Sixto
Rodriguez: il cantante “che con c'era”! Ricostruzione di una
carriera, tra verità e leggenda.
Voto
*** 7½
C’è
quasi
bisogno,
forse una urgenza latente, di sentirsi raccontare storie belle e
strabilianti. Quella del cantante “Rodriguez”
lo
è,
al punto da lasciarci perplessi se crederla vera o meno. Già morto
non una ma più volte: per overdose (come ogni star che si rispetti),
bruciato vivo sul palco o sparandosi un colpo alla tempia, alla fine
di un concerto.
Due
soli gli album all’attivo, incisi agli inizi degli anni ’70:
“Cold Fact” (1970) e “Coming from reality” (1971) - piu’ un
terzo incompleto - alzi la mano chi li conosce!
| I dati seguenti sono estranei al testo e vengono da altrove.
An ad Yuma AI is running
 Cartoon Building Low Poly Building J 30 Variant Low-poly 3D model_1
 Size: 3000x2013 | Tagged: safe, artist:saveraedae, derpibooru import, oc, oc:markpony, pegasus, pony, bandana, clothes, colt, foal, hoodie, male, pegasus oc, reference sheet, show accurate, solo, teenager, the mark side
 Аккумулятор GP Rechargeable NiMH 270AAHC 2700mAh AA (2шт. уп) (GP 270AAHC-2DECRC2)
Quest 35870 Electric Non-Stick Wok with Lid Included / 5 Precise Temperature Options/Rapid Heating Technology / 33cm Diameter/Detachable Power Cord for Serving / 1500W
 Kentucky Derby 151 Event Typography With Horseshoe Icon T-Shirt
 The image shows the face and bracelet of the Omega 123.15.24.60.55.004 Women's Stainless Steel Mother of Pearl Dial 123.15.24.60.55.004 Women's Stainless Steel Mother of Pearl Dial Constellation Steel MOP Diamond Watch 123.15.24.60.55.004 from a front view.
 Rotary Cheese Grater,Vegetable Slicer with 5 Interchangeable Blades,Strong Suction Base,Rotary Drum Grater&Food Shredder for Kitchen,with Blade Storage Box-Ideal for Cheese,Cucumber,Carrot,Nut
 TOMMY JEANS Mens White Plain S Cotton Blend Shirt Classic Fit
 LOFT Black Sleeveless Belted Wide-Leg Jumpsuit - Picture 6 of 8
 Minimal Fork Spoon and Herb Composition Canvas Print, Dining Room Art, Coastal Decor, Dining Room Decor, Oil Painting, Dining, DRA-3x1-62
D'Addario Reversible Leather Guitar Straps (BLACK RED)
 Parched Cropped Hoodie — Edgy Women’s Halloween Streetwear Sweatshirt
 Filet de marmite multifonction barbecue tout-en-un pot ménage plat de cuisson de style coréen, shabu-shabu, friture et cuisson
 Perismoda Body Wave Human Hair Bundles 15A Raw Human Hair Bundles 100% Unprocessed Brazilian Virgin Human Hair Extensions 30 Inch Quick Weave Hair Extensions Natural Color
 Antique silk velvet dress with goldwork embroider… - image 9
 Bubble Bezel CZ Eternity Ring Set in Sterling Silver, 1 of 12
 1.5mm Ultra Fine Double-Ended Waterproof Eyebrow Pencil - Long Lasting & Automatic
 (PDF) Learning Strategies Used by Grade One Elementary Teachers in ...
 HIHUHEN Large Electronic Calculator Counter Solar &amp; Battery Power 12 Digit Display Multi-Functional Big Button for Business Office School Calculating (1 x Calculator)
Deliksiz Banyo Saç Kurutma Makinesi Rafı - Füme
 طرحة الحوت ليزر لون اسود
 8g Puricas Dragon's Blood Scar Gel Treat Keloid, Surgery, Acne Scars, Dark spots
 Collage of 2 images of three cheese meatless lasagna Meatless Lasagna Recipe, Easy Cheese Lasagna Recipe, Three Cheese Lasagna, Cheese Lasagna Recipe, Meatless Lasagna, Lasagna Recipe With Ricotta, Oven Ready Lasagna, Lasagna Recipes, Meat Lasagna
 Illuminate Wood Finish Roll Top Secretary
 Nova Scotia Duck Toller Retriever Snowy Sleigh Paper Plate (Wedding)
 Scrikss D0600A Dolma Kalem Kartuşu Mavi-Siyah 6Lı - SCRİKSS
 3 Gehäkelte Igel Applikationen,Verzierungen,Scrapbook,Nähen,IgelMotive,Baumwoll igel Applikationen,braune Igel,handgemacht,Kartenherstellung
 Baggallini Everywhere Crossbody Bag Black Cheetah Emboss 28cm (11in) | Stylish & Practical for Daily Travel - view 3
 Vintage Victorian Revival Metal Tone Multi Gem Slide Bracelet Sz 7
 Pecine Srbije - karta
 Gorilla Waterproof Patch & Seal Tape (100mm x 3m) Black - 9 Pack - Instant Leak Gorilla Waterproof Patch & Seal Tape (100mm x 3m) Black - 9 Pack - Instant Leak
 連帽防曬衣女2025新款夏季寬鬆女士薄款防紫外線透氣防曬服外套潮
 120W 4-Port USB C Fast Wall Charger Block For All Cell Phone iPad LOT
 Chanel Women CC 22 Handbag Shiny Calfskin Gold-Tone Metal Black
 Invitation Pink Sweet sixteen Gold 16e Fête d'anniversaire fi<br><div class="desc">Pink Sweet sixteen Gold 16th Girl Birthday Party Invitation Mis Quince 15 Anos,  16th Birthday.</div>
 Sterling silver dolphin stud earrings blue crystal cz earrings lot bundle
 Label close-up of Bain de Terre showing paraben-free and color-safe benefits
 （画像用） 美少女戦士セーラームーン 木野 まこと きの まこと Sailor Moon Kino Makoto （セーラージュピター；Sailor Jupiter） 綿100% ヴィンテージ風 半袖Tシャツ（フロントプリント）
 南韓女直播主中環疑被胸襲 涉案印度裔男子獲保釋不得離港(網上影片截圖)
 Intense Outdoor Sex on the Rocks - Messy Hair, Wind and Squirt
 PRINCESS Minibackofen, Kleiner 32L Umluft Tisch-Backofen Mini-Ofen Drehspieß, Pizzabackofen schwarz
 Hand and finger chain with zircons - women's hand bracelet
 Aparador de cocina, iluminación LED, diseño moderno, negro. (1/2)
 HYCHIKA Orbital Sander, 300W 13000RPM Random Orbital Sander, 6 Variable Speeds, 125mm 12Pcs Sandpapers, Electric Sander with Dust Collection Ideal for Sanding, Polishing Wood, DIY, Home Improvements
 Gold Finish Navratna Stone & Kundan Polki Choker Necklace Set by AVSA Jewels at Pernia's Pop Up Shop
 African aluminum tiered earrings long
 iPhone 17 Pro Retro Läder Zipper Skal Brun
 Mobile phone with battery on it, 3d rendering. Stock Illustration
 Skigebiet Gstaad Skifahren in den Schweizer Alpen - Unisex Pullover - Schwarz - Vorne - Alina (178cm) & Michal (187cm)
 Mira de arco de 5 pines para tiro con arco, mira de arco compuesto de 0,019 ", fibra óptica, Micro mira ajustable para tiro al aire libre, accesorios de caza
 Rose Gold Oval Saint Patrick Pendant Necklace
Una voce calda e sonorità tra Bob Dylan ed un blues vagamente
lisergico: la sua “I wonder” potrebbe meccanicamente inondare
l’etere e scatenare il battimani del pubblico con facilità
sconcertante.
Eppure
Sixto Rodriguez è (oppure è stato?) un perfetto sconosciuto in
Patria ed ha goduto di una insolita notorietà solo
in Sud Africa,
dove la sua musica giunse quasi per caso: oltre
mezzo milione di Long Playing venduti, l’equivalente di dieci
dischi d’oro;
le sue parole diventarono armi contro l’Aparthaid (“Establishment
song”), al punto da esser addirittura censurato.
Nelle
case del Sud Africa, accanto ad “Abbey Road” dei Beatles e
“Bridge over troubled water” di Simon and Garfunkel, era naturale
trovare “Cold Fact” di Rodriguez.
E
allora, cosa non ha funzionato? Forse sarà stata colpa del lancio
pubblicitario, oppure il vestito del colore sbagliato!
Il
film “Sugar Man” (titolo originale “Searching for Sugar Man”),
del regista svedese di origine Algerina Malik Bendjelloul, ci porta
da Cape Town a Detroit, cercando di ricostruire l'atipico percorso di
questo artista, tra leggendari aneddoti e ricerca.
Ascoltiamo
le testimonianze chi lo ha conosciuto: produttori come Steve Rowland,
Il giornalista musicologo Craig Bartholomew Strydom, il commerciante
di dischi Stephen Segerman di Città del Capo, che a causa del
successo Sud-Africano del pezzo “Sugar Man” da anni è
soprannominato “Stephen SUGAR Segerman”!
Vincitore
dell'Oscar come miglior documentario nel 2012,
premiatissimo in moltissime altre rassegne, tra cui il “Sundance”.
Un
“giro di blues” come questo, ne la musica né tantomeno il
cinema, fino ad oggi l’avevano mai visto!